Classical settings: concert halls and opera houses

Classical music is an experience for all the senses. The appeal of concert halls and opera houses lies not only in the stage and the auditorium but in the exterior, the acoustics, the atmosphere and the charm. Both the music and the architecture blend the traditional and the modern in a number of different ways.
Liederhalle cultural and congress centre, Stuttgart

The name Liederhalle is a legacy of the 19th century concert hall that was destroyed in the Second World War. Stuttgart's new Liederhalle, a notable post-war cultural building that is now heritage-listed, opened on the same site in 1956. Following expansion in 1991, the Liederhalle cultural and congress centre now includes five large auditoriums and 18 smaller venues.


Opened in 1963, the Meistersingerhalle in Luitpoldhain park was a new cultural and congress centre built after the destruction of many Nuremberg concert halls in the Second World War. Today it hosts performances by Nuremberg choirs and orchestras, as well as rock and jazz concerts, congresses and party conferences. The Meistersingerhalle's architectural highlights include huge glazed foyers and a copper wall relief measuring almost 300 square metres.

Nikolaisaal, Potsdam

The Nikolaisaal in Potsdam was inaugurated as the community hall for the Church of St. Nicholas in 1909. After suffering extensive damage at the end of war in 1945, it also served as a concert hall and broadcasting studio. The Nikolaisaal then underwent a renovation programme and redesign as a concert hall and events centre, reopening finally in 2000. It is the home to various musical organisations including the Brandenburg State Orchestra and the German Film Orchestra Babelsberg.

Philharmonie, Berlin

In 1963 the Berlin Philharmonic was given a new home near the Tiergarten after the destruction of the original building during the Second World War. Designed by architect Hans Scharoun and resembling a huge, asymmetric marquee, the new Philharmonie was affectionately known as Karajan's Circus. It became an emblem of West Berlin and is now part of the Berlin Kulturforum.

Philharmonie, Cologne

It's fruitless searching for the Kölner Philharmonie silhouette on the skyline because this concert hall, which opened in 1986, is hidden beneath Heinrich-Böll-Platz, between the pedestrianised square and the Stadtbahn railway. It is home to two orchestras – the Gürzenich Orchestra and the Cologne WDR Symphony Orchestra – and artists in residence have included international musicians such as Pierre Boulez and the New York Philharmonic.

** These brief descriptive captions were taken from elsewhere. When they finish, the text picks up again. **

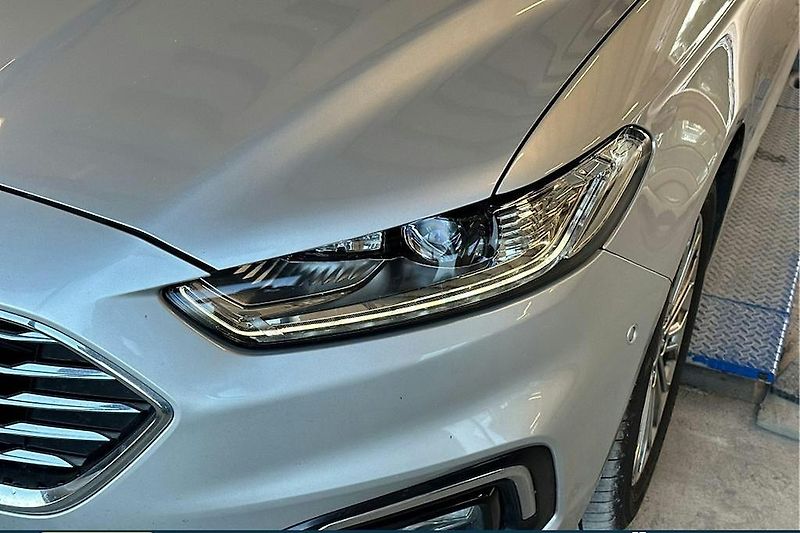 Ford Mondeo (2022) 2.0Eco*AUTO*KAMERA*TAŽNÉ*LED - fotka 9 z 10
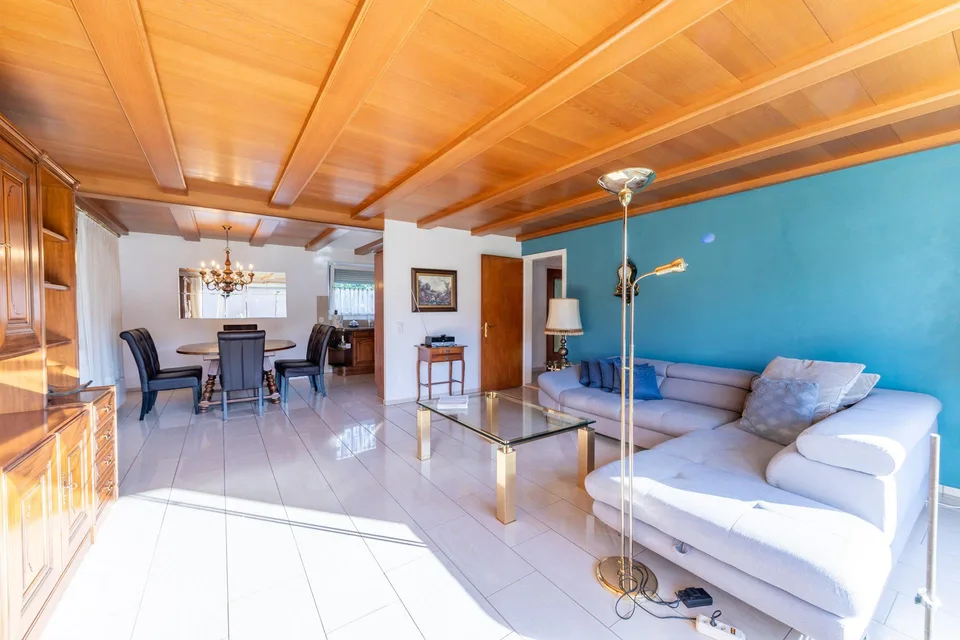 Ein Zuhause zum Geniessen - 5-Zimmer Einfamilienhaus mit Wintergart... – photo 3 sur 13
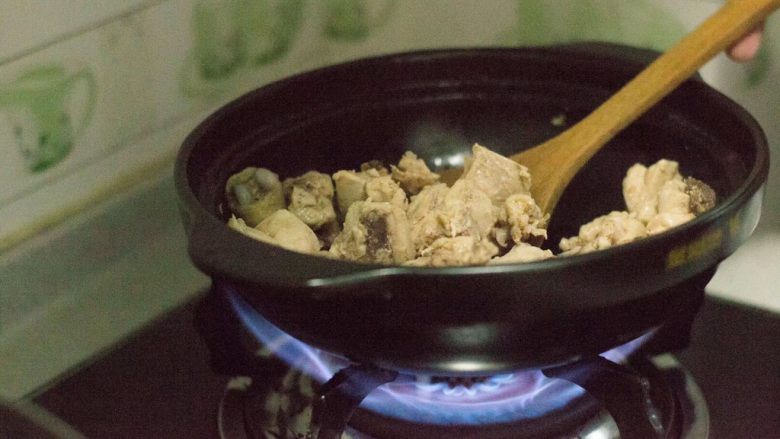 黄焖鸡米饭,大火先炒香鸡肉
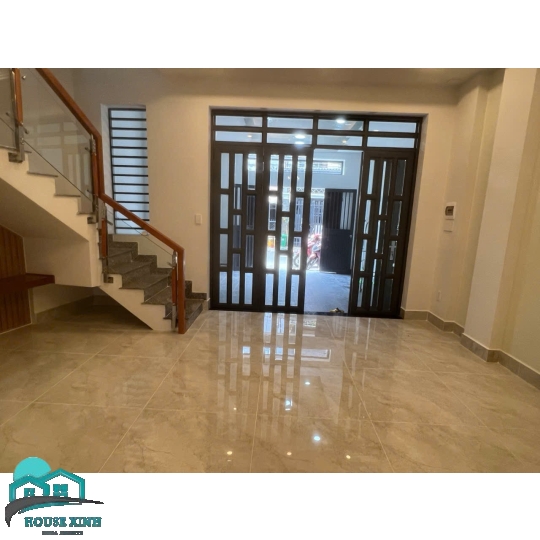 Bán  nhà  1 trệt  1 lau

Richard Wagner Festival Theatre

The Richard Wagner Festival Theatre in Bayreuth is one of Germany's most famous opera houses. Only 30 performances are staged here each year, during the Wagner Festival in high summer. The festival theatre stands on the Green Hill and opened in 1876. In keeping with Richard Wagner's ideas, its architecture combines classical Greek and medieval German elements.

Semper Opera, Dresden

Dresden's legendary Semper Opera House has not had an easy life – it was burnt down in 1869, destroyed by bombers in 1945 and badly damaged by floods in 2002. The building with its rich Renaissance stucco was designed originally by Gottfried Semper and took 40 years to reopen after the Second World War. Today it is home to the Dresden State Orchestra of Saxony.